### Task
Repeat word for word the lines starting at the one with "A user filling" and ending at the final line of the material, both ends included; omit pictures.
BEGIN Given data
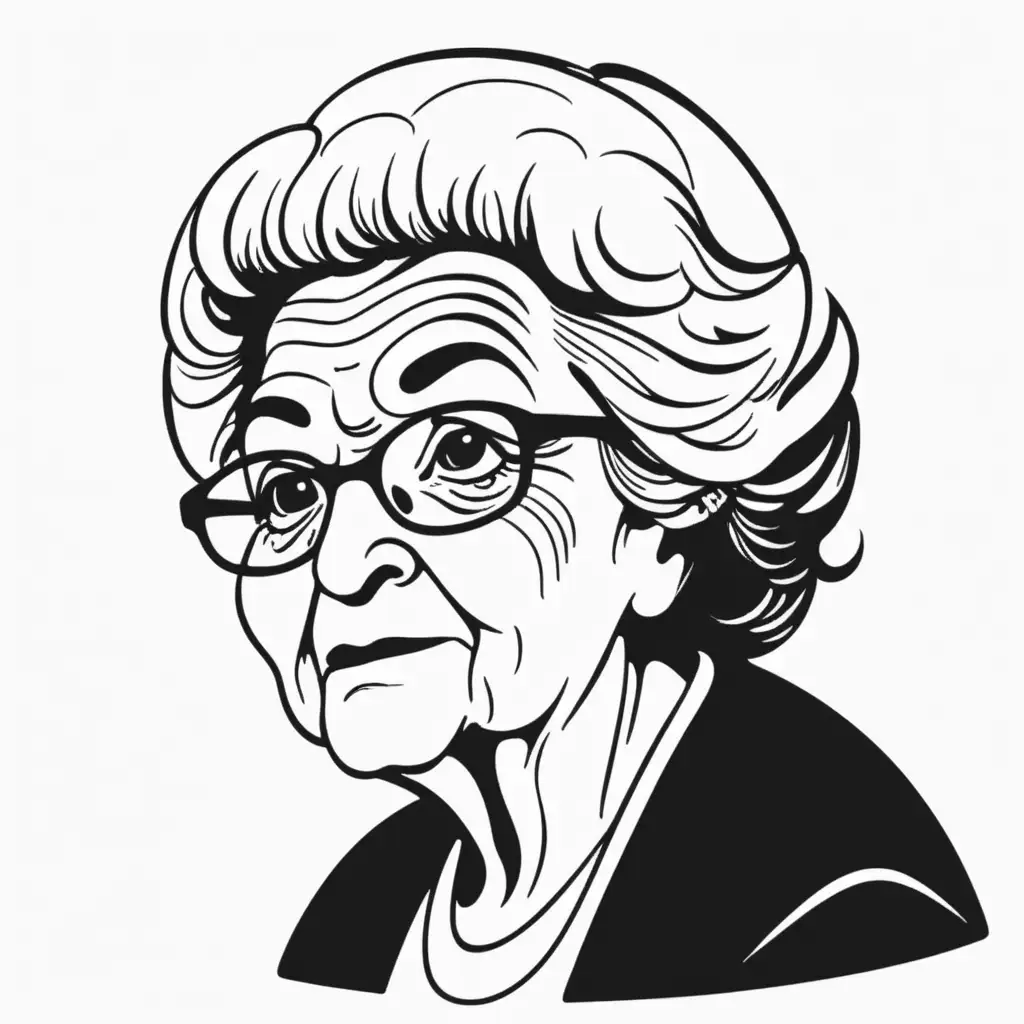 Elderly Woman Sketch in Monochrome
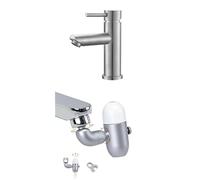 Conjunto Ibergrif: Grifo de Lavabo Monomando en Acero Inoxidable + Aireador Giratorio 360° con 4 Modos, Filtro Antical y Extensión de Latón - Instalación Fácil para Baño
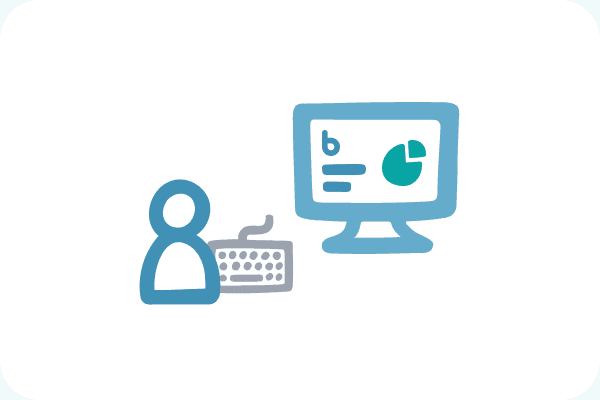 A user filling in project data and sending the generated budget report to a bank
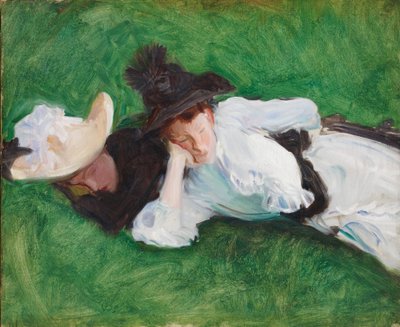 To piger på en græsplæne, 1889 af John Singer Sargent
END Given data
### Answer to this problem
 A user filling in project data and sending the generated budget report to a bank
 To piger på en græsplæne, 1889 af John Singer Sargent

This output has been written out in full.